A chi dice che Chernobyl è stato soltanto un incidente e non una catastrofe si risponde: «Degli oltre 600 mila likvidatory – tecnici, pompieri e soldati – che dall'Ucraìna, Russia e Bielorussia furono spediti a Chernobyl per tentare di arginare il disastro, 45 mila sono morti. E 120 mila sono rimasti gravemente invalidi».
E, ancora, l'Accademia delle Scienze di Mosca cita i dati di una ricerca secondo la quale, tra il 1990 e il 2004, la nube radioattiva avrebbe ucciso 67 mila persone. Solo in Russia.

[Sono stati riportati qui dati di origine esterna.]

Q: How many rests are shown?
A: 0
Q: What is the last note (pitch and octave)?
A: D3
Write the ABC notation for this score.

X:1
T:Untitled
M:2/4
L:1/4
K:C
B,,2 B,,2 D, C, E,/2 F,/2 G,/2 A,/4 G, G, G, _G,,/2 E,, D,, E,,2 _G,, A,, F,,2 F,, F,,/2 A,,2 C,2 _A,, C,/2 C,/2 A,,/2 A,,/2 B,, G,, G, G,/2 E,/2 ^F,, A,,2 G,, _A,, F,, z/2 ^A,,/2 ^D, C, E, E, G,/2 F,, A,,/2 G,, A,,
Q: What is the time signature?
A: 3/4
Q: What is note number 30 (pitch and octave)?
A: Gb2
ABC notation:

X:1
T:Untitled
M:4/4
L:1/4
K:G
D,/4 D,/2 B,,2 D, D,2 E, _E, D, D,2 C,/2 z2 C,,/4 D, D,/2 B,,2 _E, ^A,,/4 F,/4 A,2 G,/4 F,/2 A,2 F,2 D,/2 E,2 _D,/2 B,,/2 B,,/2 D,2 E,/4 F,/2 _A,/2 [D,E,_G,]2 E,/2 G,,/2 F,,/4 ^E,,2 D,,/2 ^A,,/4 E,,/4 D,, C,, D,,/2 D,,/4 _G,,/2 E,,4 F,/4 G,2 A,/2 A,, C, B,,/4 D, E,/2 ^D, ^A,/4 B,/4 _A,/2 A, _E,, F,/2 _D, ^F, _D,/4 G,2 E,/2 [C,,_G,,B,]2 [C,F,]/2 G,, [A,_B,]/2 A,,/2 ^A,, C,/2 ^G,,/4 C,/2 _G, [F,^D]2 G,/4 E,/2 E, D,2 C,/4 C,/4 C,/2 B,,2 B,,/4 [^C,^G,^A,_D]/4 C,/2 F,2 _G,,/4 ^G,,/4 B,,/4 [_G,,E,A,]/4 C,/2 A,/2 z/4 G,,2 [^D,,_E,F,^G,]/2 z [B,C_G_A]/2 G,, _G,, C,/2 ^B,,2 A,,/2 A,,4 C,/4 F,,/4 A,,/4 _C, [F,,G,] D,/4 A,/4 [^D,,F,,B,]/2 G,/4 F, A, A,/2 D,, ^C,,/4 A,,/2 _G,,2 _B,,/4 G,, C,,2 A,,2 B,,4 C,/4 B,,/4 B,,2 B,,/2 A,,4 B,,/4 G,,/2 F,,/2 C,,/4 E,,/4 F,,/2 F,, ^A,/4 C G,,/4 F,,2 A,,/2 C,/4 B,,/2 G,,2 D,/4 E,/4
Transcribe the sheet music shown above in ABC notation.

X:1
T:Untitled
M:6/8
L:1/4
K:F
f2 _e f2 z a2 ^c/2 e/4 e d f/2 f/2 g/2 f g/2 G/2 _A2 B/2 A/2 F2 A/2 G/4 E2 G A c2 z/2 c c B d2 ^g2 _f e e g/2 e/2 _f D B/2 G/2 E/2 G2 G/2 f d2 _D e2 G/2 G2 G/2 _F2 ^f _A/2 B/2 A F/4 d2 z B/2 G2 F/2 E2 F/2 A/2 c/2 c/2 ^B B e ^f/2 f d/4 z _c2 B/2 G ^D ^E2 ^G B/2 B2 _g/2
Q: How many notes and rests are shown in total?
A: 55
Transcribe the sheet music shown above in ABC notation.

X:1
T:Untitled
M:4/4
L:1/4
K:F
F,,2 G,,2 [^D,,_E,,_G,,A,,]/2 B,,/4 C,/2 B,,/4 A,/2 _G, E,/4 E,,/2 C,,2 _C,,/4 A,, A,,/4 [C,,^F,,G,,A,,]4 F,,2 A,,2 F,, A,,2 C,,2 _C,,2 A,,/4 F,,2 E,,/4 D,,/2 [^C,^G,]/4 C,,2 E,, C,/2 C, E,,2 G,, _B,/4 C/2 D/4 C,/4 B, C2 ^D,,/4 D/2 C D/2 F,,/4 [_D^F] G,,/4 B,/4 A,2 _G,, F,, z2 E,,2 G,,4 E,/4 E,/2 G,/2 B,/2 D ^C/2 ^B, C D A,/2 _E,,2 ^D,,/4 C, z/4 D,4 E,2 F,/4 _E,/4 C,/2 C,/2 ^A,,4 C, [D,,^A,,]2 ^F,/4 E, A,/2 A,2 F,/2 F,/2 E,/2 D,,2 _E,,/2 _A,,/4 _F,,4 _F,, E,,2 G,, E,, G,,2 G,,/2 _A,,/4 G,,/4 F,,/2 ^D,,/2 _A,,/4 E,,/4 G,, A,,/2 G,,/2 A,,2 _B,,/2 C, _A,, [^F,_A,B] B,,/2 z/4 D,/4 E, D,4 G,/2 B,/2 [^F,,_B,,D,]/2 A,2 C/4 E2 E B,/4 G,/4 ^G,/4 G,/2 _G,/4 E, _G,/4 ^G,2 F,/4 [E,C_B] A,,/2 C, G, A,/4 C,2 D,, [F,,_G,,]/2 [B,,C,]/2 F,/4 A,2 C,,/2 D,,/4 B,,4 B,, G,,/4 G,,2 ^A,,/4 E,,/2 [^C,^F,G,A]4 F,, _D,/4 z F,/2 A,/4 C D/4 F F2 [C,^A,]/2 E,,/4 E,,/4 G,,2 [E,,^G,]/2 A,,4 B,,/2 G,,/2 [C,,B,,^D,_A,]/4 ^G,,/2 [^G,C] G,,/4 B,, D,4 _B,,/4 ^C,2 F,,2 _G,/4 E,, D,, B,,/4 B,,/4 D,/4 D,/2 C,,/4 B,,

Come districarsi fra questi numeri, valutazioni discordanti e previsioni nefaste? A 24 anni da quello scoppio, due cose sono certe: ogni anno, nell'Ospedale oncologico di Kyjiv, arrivano – e vengono ricoverati – oltre duemila bambini. L'abbiamo saputo da una fonte attendibile fra Kyjiv e il confine bielorusso. Seconda cosa: la maggior parte dei dati sono sotto chiave negli archivi di Mosca. La quale li considera segreti di Stato. Quindi inaccessibili all'Ucraìna, teatro della tragedia. Che, nel 1991, divenne indipendente.